A old friend of mine sent me a message that I read today, and ended it with the question; "Are you not scared?". Dear, sweet Kristin, Ive been scared shitless so many times, not only over this, but from most of my ups & downs the last 6 months. Lost sleep over it, cried over it, cursed, spit, mustered so much rage that I think I could have knocked down a wild pack of bulls, just by looking at them. This insane rage, Ive managed to fine tune & utilize over time, I'll be the first to admit I let it burst out on the wrong people. Ive had very little practice with deadly deceases, I am sorry if any of you felt hurt, that was not my intentions, I was hurt too, in more ways than one, could we leave it at that? 
Anyways, this rage, or grumpiness as I like to call it, is whats keep me going, its the only fuel I can reliably run on. These new touchy feel-good injection systems can be fun to take for a few rounds around the track with. But for the every day hark & spit, grumpy is whats gets me where I need to be. 

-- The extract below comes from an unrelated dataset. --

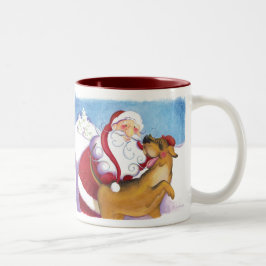 Hund und Sankt-Tasse Zweifarbige Tasse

So while I enjoy a virgin(buuhh!!) bloody mary, I'll let you happy go lucky ricers(pun tended) roll around in your bubbles. Your bubble will pop at some point, when that happens, feel free to drop me a visit. 

GUS (Grumpies Are Us) is an open club, open 24/7.

Jan 10, 2010
I doubt anyone felt hurt, and even if they did, no need to apologize. Who cares where you get the energy you need from? As long as you get it. Beat those bulls! :)
And enjoy your Sunday off!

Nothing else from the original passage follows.